1. Field of the Invention
The present invention relates to a method and a device for testing for the occurrence of bit errors, and in particular to a method and a device for conducting a test for the occurrence of bit errors in a plurality of communication devices.
2. Description of the Related Art
As a method and a device for efficiently testing a plurality of communication devices, following prior art technologies have been already proposed.
Prior Art (1) (See FIG. 6)
As many signal generators 1-1-1-n and bit error measuring devices 5-1-5-n as n (≧2) units of measured devices 3-1-3-n are provided to configure respective measurement systems in parallel. Testing signals generated at the signal generators 1-1-1-n are respectively provided to the measured devices 3-1-3-n, and the output signals therefrom are respectively transmitted to the bit error measuring devices 5-1-5-n to measure bit errors (bit error rate). Thus obtained bit errors in each measurement system are transmitted to a common measurement controller 10, which commonly controls the signal generators 1-1-1-n, whereby the measured devices 3-1-3-n are tested in parallel.
Prior Art (2) (See FIG. 7)
Only a common single signal generator 1 is connected to n units of measured devices 3-1-3-n. The common testing signal from this signal generator 1 is provided to the measured devices 3-1-3-n, the output signals therefrom are measured at the bit error measuring devices 5-1-5-n, and the signal generator 1 is controlled through the measurement controller 10 in the same way as the above-mentioned prior art (1), whereby the measured devices 3-1-3-n are tested in parallel.
Prior Art (3) (See FIG. 8)
A single signal generator 1 in the case of the above-mentioned prior art (2) and a single bit error measuring device 5 are provided to measured devices 3-1-3-n, which are connected in tandem.

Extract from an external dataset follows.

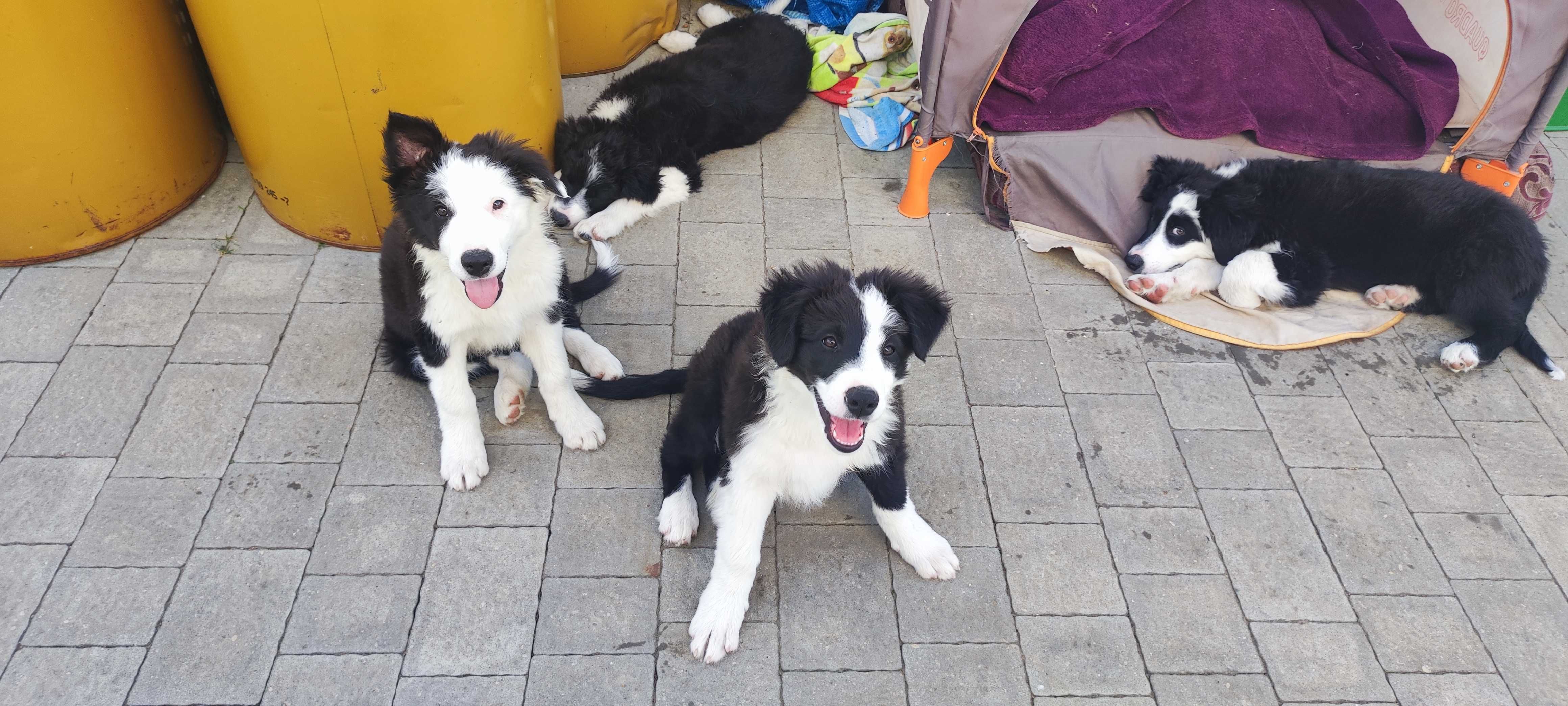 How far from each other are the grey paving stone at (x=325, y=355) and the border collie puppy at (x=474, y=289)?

The testing signal from the signal generator 1 is provided to the measured device 3-1, and the output signal therefrom is provided to the bit error measuring device 5 sequentially through the measured devices 3-2-3-n. 
However, the above-mentioned prior art (1) is not different from the technology of simply providing a plurality of measurement systems respectively composed of a single signal generator, a single measured device, and a single bit error measuring device, so that a measurement operation without operator's intervention is only achieved by automatically controlling these plural measurement systems with the common measurement controller 10. For this reason, expensive measuring devices like signal generators and bit error measuring devices have to be prepared in number as many as the measured devices for which a parallel measurement is desired to be performed, which leads to enlargement of a measurement scale and increase in cost.
Also, it is impossible to simultaneously control each of the measured devices, in which setting and data collection have to be performed sequentially, whereby a measurement speed is lowered as a whole.
Also, in the above-mentioned prior art (2), only a single signal generator is required. However, since the output of the signal generator is commonly transmitted to the measured devices 3-1-3-n, n units of bit error measuring devices are still required so that the number of bit error measuring devices can not be reduced.
Furthermore, in the above-mentioned prior art (3), only a single signal generator and a single bit error measuring device are required. However, when a bit error occurs on the way from the measured device 3-1 to the measured device 3-n, the output signal of the concerned measured device in which the bit error has occurred becomes a signal including the bit error. Therefore, the measured devices connected following the concerned device can no longer be tested. As a result, the only thing that can be determined is whether or not a bit error exists on all of the measured devices as a whole.